Under the pink roof
The project for the Foro Boario area in Borgo San Lorenzo in the province of Florence is an urban regeneration initiative funded by the PNRR (National Recovery and Resilience Plan) funds, aimed at giving the community a functional, contemporary, and flexible space.
The Foro Boario area owes its name to the fact that since the early 1900s it hosted the annual Agriculture and Livestock Fair, and over the years, it continued to be the reference space for events, local festivals, concerts, and other manifestations, defining the area's exhibition character and its role as a cultural and social hub for the town and the Mugello region.
In 2021, the Municipal Administration initiated a participatory design process involving Agenzia Lama, with the objective of listening to the people who live in that area daily, gathering their suggestions and ideas for new uses and spaces.
The area was in a state of decay and physically fragmented, divided into three altimetric levels: one designated for parking and the other two as gravel squares. It was crossed by Via Caduti di Montelungo, and thus marked by a physical separation that isolated the residential center from the river ecosystem.
The main challenge clearly emerged from the participatory process: to mend the urban fabric with the natural context, free up space for events and manifestations, and rebuild a new, functional pavilion for local festivals and traditional “sagre” (food festivals).
The area's master plan includes an infrastructural reconfiguration that involves moving the route of Via Caduti di Montelungo. By moving the road - and thus cars and traffic - away from the river area and positioning it on the lowest of the three existing terraces, the project achieved two fundamental results: on the one hand, it created a vast, unified, and free area immediately adjacent to the banks and existing pedestrian/cycle paths, opening up new, previously unexpressed usage possibilities; on the other hand, it maximized the sensory distance between the space reclaimed for the park and the road, mitigating noise and traffic and improving the perception of quiet and contact with nature in the Nuovo Foro Boario.
The new urban park is designed on a network of pedestrian and cycle paths that accompany the visitor in a walk of progressive detachment from the town’s anthropized environment toward the natural context of the river.
In the heart of this urban park, equipped with sports, play, and rest areas, stands the Nuovo Padiglione (New Pavilion), conceived as an identity icon of the Foro Boario.
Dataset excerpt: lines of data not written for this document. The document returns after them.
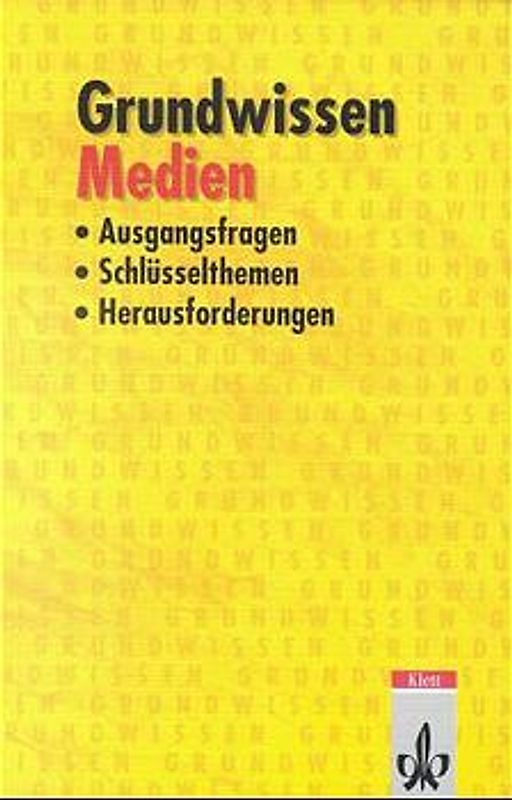 Grundwissen Medien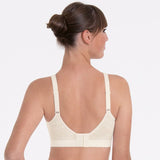 Anita Essential Lace Padded Bralette (Adj Strap) - Crystal - Lily Pad Lingerie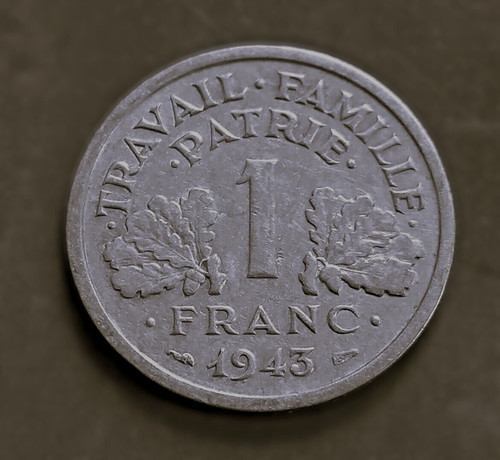 Franc bazor aluminium 1943 - 1,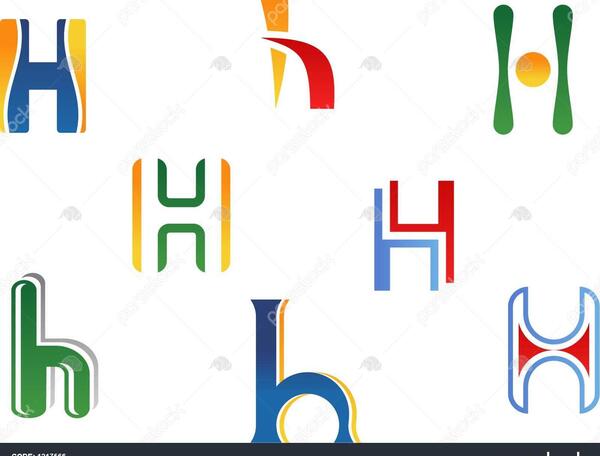 عکس لوگوی حرف h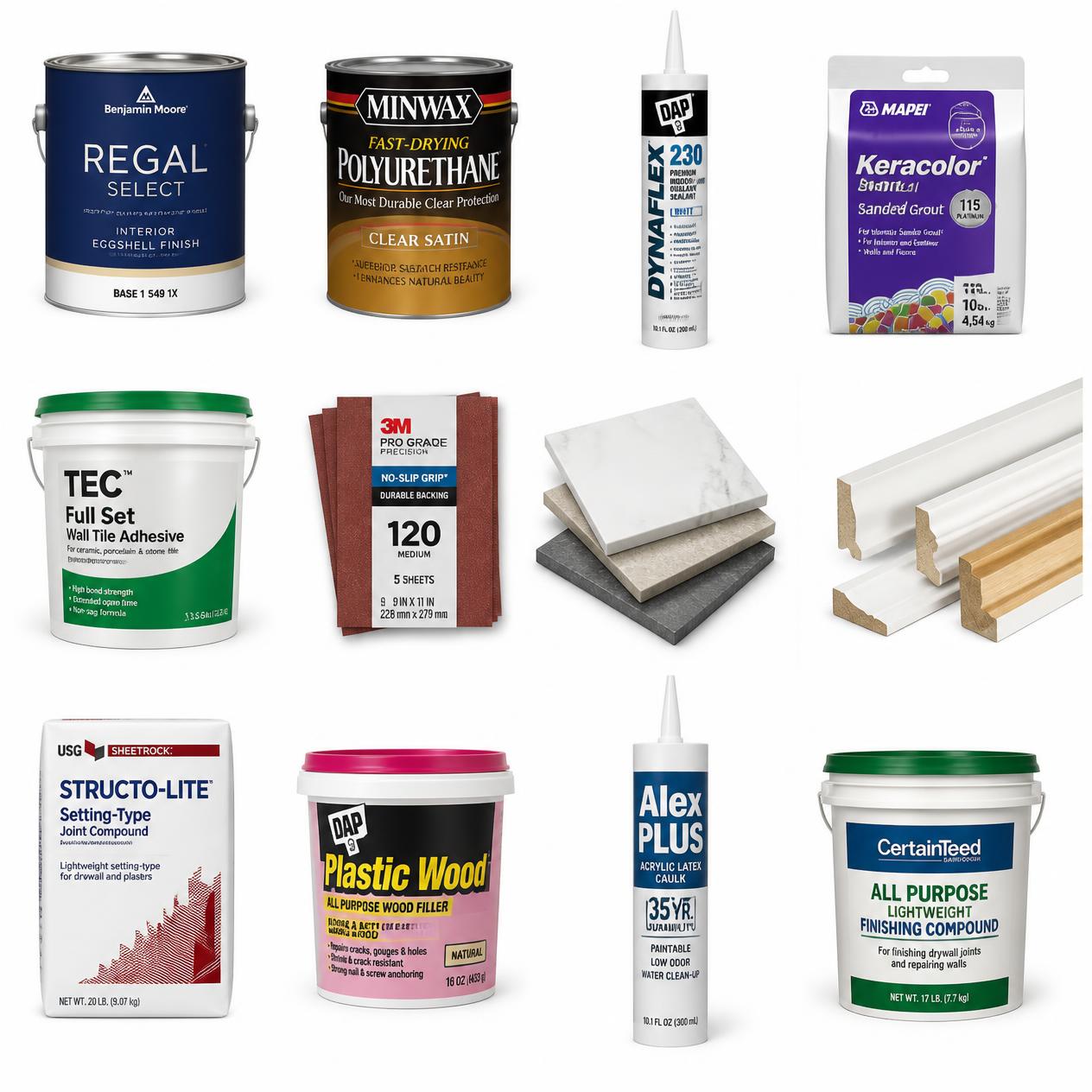 finishing materials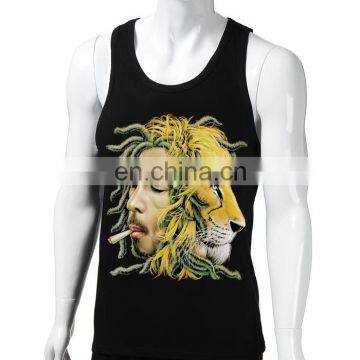 BOB MARLEY custom crop top printing,graphic tank tops wholesale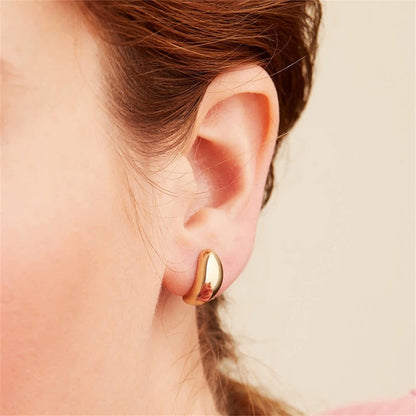 Celeste - Boucles d'oreilles en forme de gouttes en or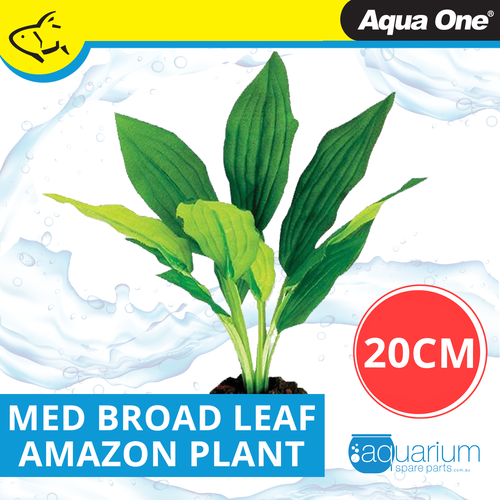 Aqua One Broad Leaf Amazon Silk Plant 20cm - Med (24114)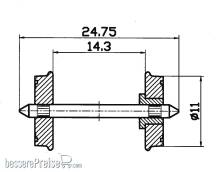 Roco 40264 - RP-25-Radsatz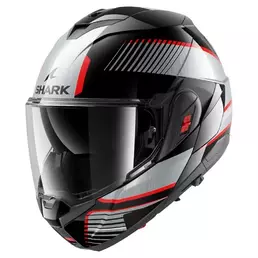 SHARK Oxo Sikter Modularhelm Black / Chrome / Silver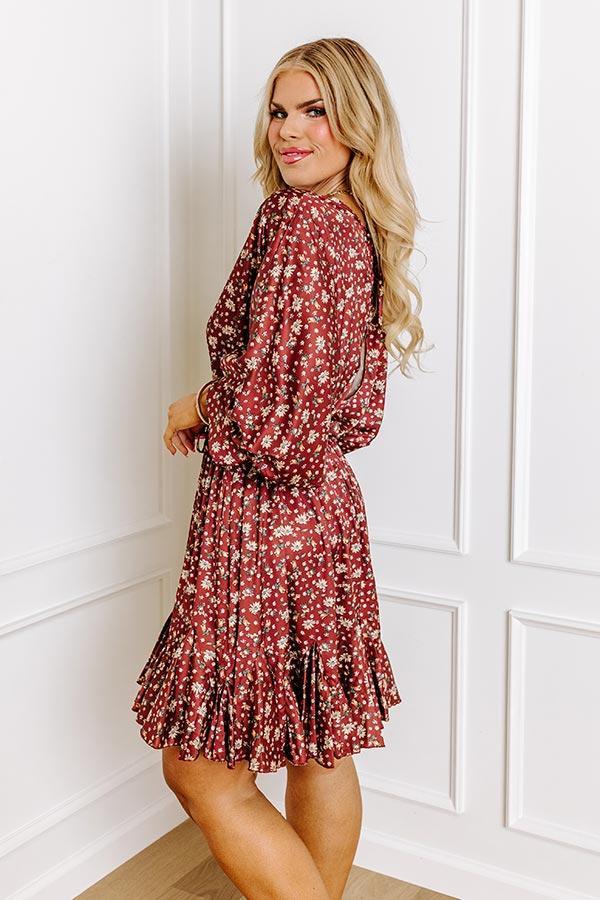 Simply Carried Away Floral Mini Dress Curves Product Image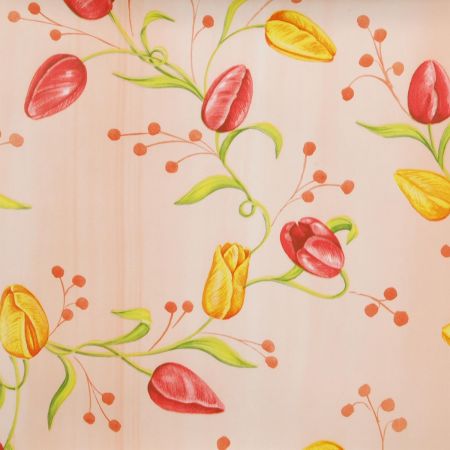 ---- Tulpen ---- Wachstuch --- Tischtuch --- Tischdecke --- 140 x 200 cm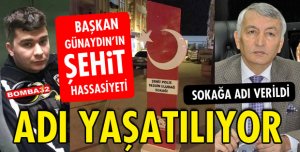 O SOKAĞIN ADI ARTIK SEZGİN ULUDAĞ SOKAĞI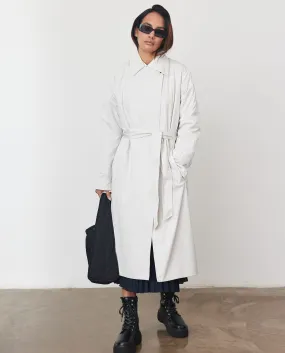 Shop Waterproof Trench Atmosphere White - Trench Coat Women | Protected Species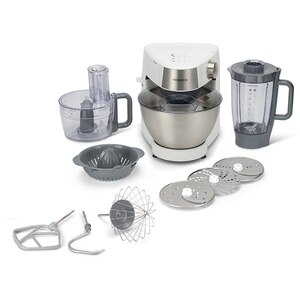 Robot de bucatarie KENWOOD Prospero+ KHC29.H0WH, vas 4.3l, blender 1.5l, 1000W, 6 trepte viteza, alb-argintiu Robot de bucatarie KENWOOD Prospero+ KHC29.H0WH, vas 4.3l, blender 1.5l, 1000W, 6 trepte viteza, alb-argintiu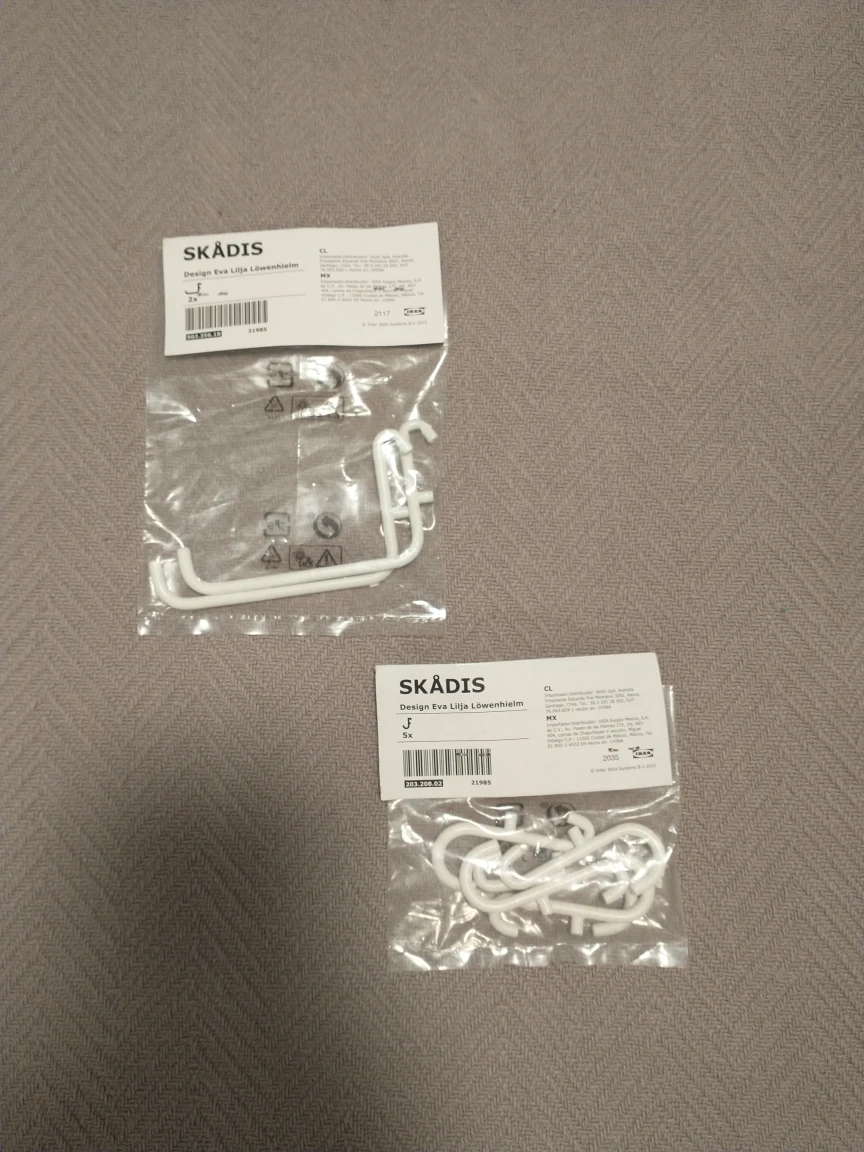 IKEA Skadis pegboard hooks thumbnail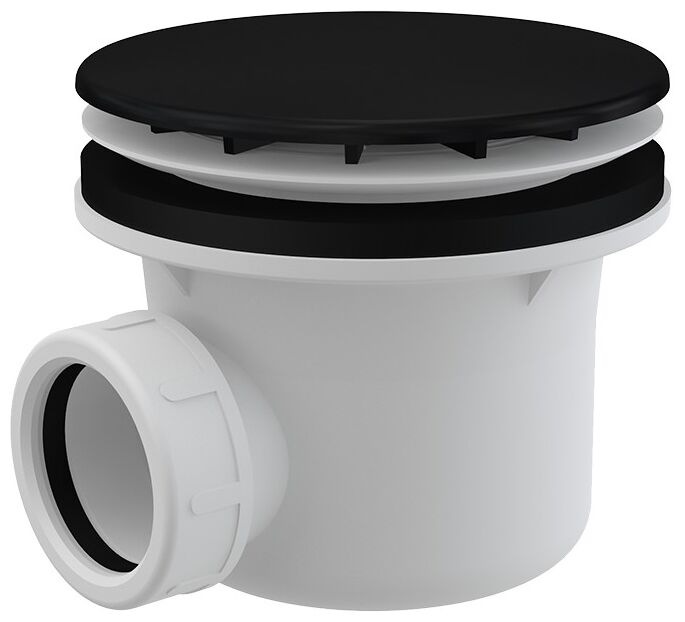 besco odpływ brodzikowy 90 mm wysoki black (ob-90-b) - zdjęcie główne
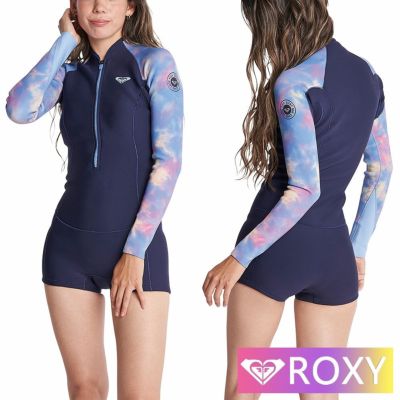 Roxy ロキシー ウェットスーツ レディース  スプリング フロントジップ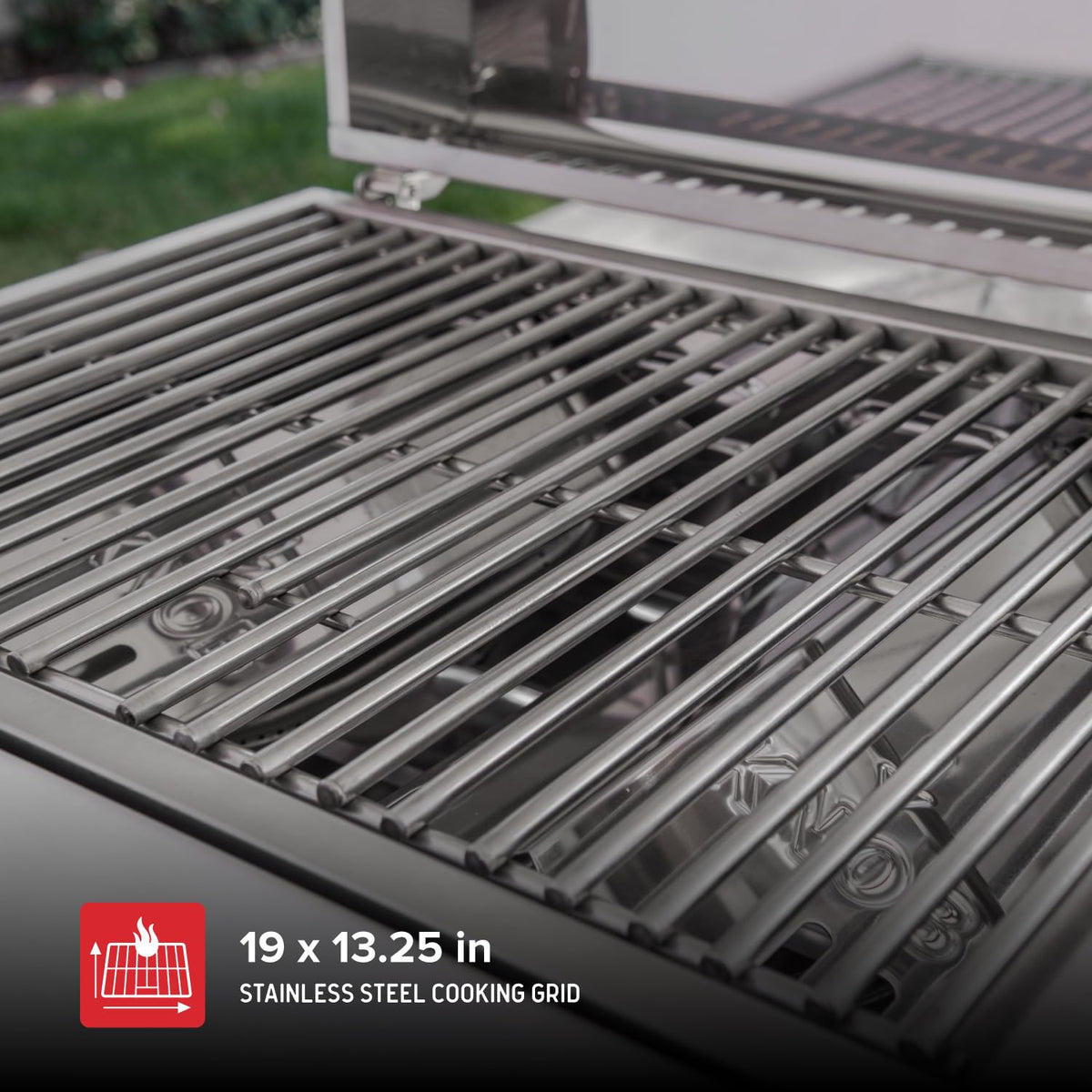 Nexgrill folding legs enable compact setup on any surface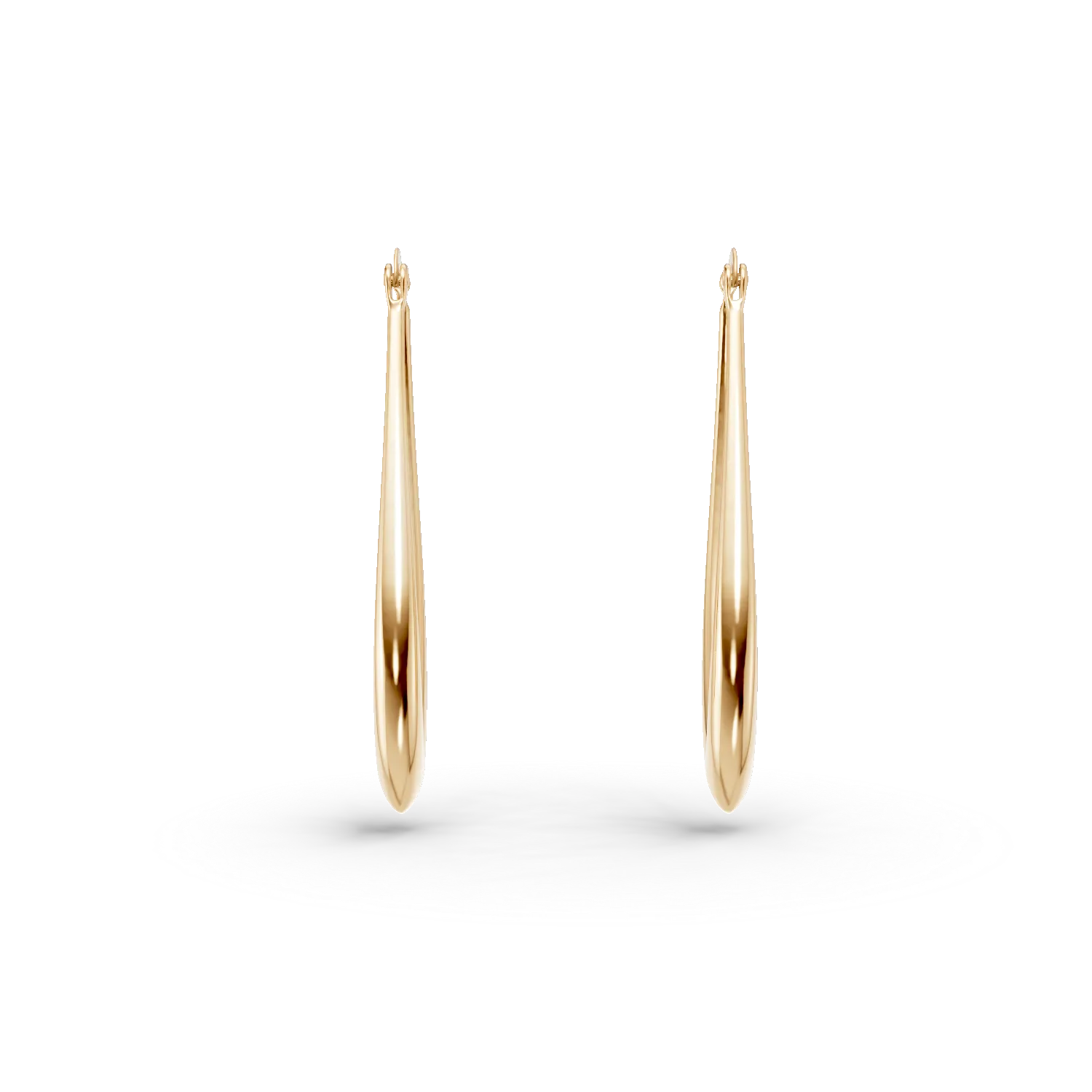 Cercei geometrici din argint galben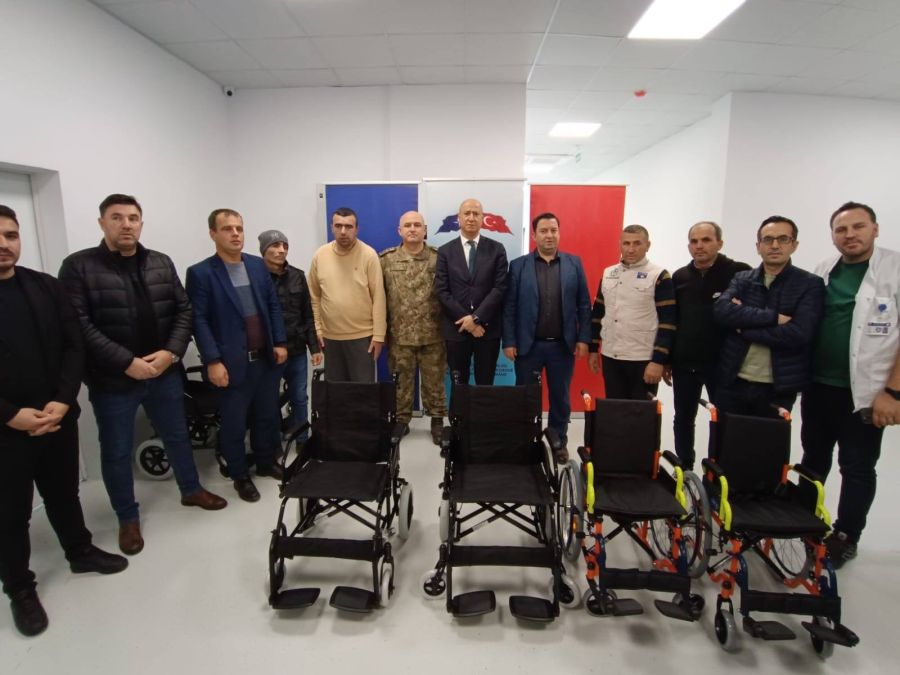 Mamuşa’ya  Tekerlekli Sandalye Bağışı Yapıldı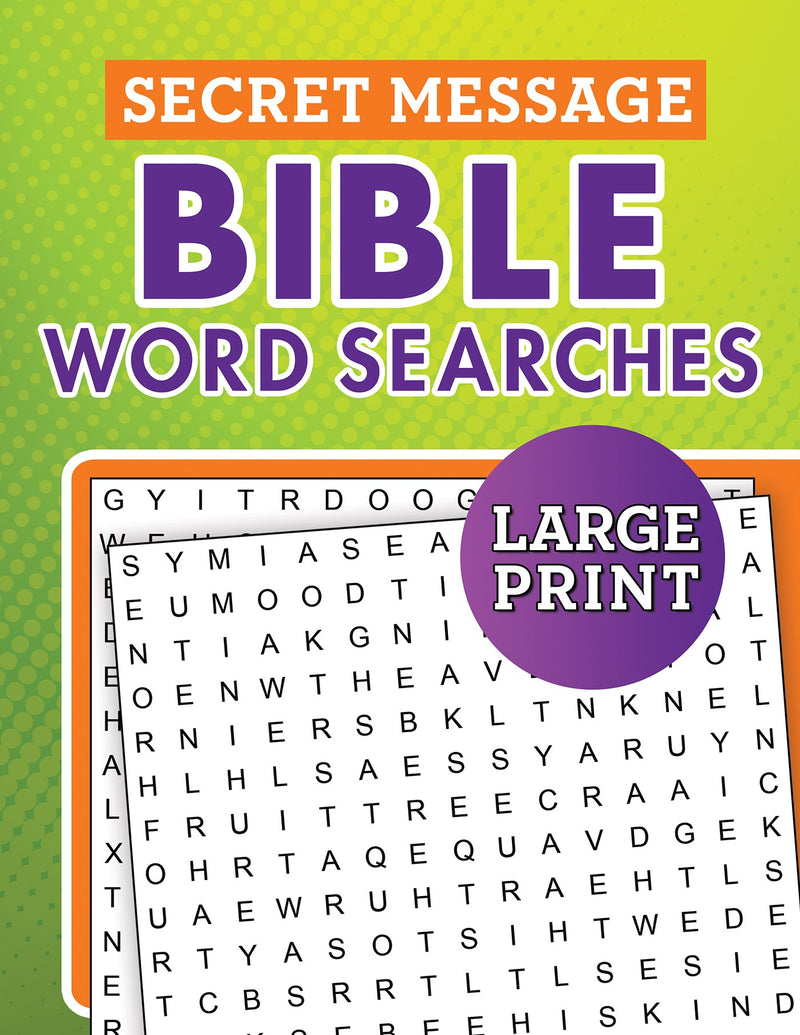 Secret Message Bible Word Searches Large Print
The building is composed of two functional volumes: spaces for community-use kitchens on one side, and spaces for a bar managed by local associations and public restrooms on the other. The two blocks are united by a striking element: a majestic, terracotta-colored roof.
The roof, constructed with a load-bearing glulam timber structure, is the conceptual heart of the project. In clear contrast to the formal neutrality of modernism, the architecture chooses to emphasize the roof, elevating it to a vernacular element, understood as a form "capable of dialoguing with the population."
The large roof aims to become a constructed metaphor for aggregation, a large shelter under which citizens find protection and shared identity. The space created beneath it, between the functional volumes, transforms into a grandiose, protected, and welcoming open-air civic hall, intended for meeting and sharing. The pavilion is thus configured as a "bridge" structure with a permeable and open central part, inviting passage and traversal. This element connects the two park areas to the north and south of the pavilion, configuring itself as the project's focal point.
The chromatic and volumetric choice is not random but an explicit declaration that recognizes the popular and festive role of the building, transforming it into a visible and unmistakable landmark. The central idea of the project moves along this dual purpose: on the one hand, to create a covered space for aggregation, and on the other, to elevate the roof to an identifying element. In this way, the visual reference is capable of overcoming intellectual abstraction in favor of a celebration of collective identity, offering people the possibility of recognizing themselves again in the building and its shared meaning, placing the deep relationship between community and architecture at the center of the constructed space.